EXERCISE DATA: Begin

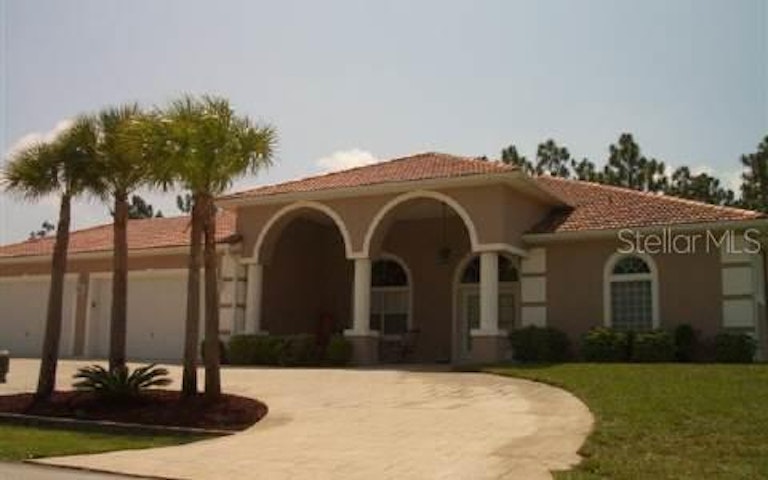 Photo 1 of 1 - 62 Woodbury Dr, Palm Coast, FL 32164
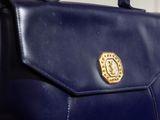 a blue purse with a gold emblem on it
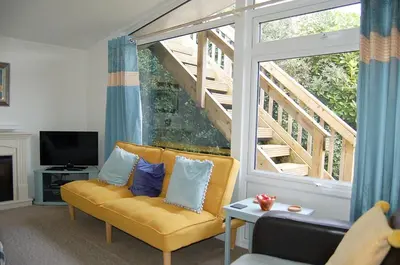 a living room with a yellow couch and a large window at Bryniau Gwyrdd Chalet 11 Happy Valley in Tywyn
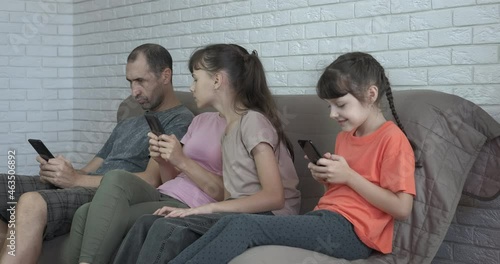 Parents using smartphones at home. A family using smartphones by their little girl on the sofa. A concept of family with digital addiction ignore each outher. photo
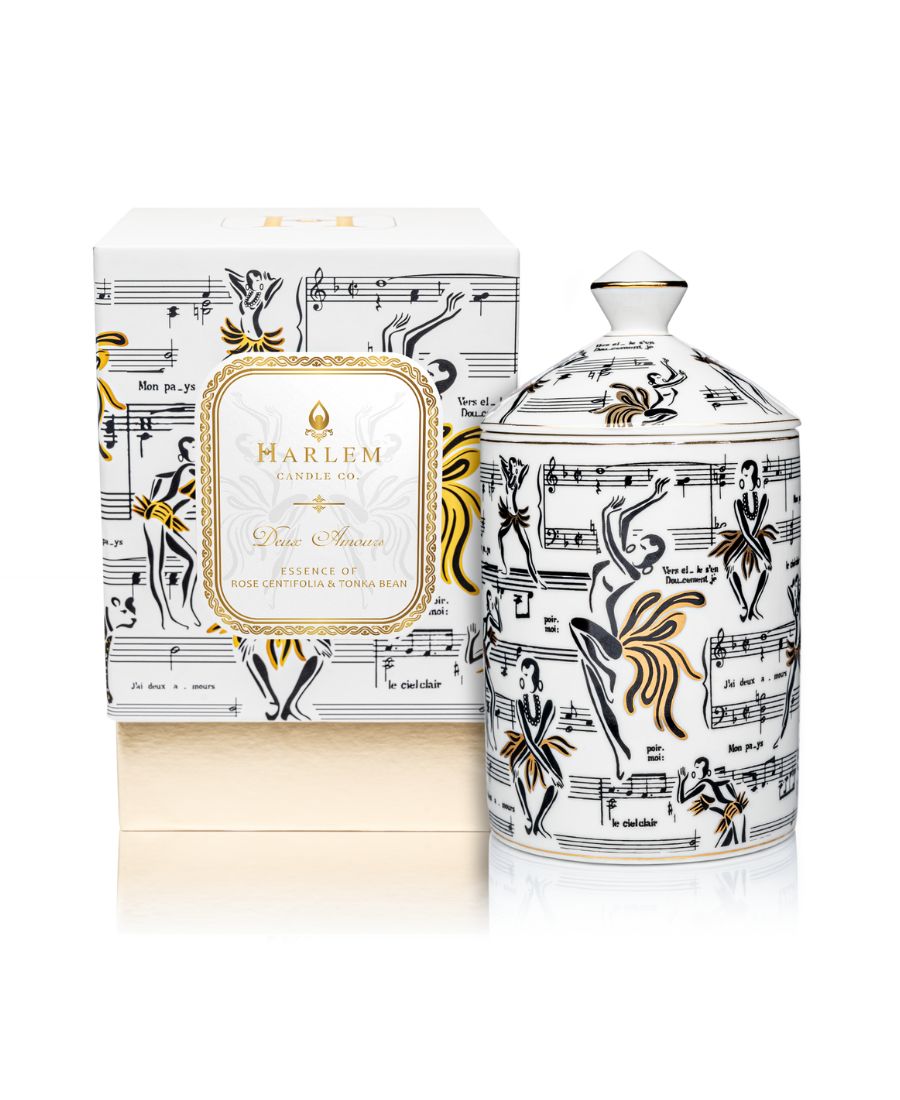 This is an image of our gold and white Deux Amours, ceramic candle with a lid. It features illustrations of Josephine Baker, and other original illustrations. This candle is featured next to its decorative box.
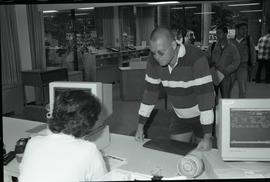 Communications Relations Opening Day 1991;  man leaning over registrar desk while registrar worke...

EXERCISE DATA: End

WHAT YOU WILL DO: What's needed is an exact copy of the lines above from the one with "a blue purse with a gold emblem on it" through the one with "Parents using smartphones", both included; the pictures stay out.

FINISHED EXERCISE:
 a blue purse with a gold emblem on it
 a living room with a yellow couch and a large window at Bryniau Gwyrdd Chalet 11 Happy Valley in Tywyn
 Parents using smartphones at home. A family using smartphones by their little girl on the sofa. A concept of family with digital addiction ignore each outher. photo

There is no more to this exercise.